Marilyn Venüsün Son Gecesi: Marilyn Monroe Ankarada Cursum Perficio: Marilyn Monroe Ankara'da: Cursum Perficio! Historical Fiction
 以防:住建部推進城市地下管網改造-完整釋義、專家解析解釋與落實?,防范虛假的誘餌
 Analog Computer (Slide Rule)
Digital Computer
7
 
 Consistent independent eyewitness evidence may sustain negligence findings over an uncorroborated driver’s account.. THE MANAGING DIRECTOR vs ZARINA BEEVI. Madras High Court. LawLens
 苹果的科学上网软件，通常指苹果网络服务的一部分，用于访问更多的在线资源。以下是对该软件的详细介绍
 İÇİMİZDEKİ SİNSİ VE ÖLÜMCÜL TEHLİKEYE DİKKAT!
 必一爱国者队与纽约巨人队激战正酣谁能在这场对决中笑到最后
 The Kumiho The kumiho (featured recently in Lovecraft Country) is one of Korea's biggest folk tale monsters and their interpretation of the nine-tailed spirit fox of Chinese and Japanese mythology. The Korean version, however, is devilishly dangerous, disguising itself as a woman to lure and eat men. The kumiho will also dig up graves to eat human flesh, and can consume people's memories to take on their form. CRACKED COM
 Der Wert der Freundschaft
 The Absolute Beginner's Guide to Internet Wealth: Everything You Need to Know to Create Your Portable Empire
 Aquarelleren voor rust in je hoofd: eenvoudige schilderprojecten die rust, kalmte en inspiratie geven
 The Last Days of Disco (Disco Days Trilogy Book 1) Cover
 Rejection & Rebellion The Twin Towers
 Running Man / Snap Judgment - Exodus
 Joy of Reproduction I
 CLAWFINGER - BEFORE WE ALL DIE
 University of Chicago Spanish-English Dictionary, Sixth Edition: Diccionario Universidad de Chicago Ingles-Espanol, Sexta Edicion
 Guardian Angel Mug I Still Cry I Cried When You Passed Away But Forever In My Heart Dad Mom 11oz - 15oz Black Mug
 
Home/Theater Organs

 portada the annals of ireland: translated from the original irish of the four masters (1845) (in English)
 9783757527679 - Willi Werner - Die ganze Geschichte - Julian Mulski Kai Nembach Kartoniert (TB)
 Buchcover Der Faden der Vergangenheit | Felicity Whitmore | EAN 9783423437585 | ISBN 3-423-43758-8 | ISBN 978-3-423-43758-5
_ _ _ _
Every line of the listing that holds the word "English" is to be found and copied.

EXERCISE RESPONSE
 University of Chicago Spanish-English Dictionary, Sixth Edition: Diccionario Universidad de Chicago Ingles-Espanol, Sexta Edicion
 portada the annals of ireland: translated from the original irish of the four masters (1845) (in English)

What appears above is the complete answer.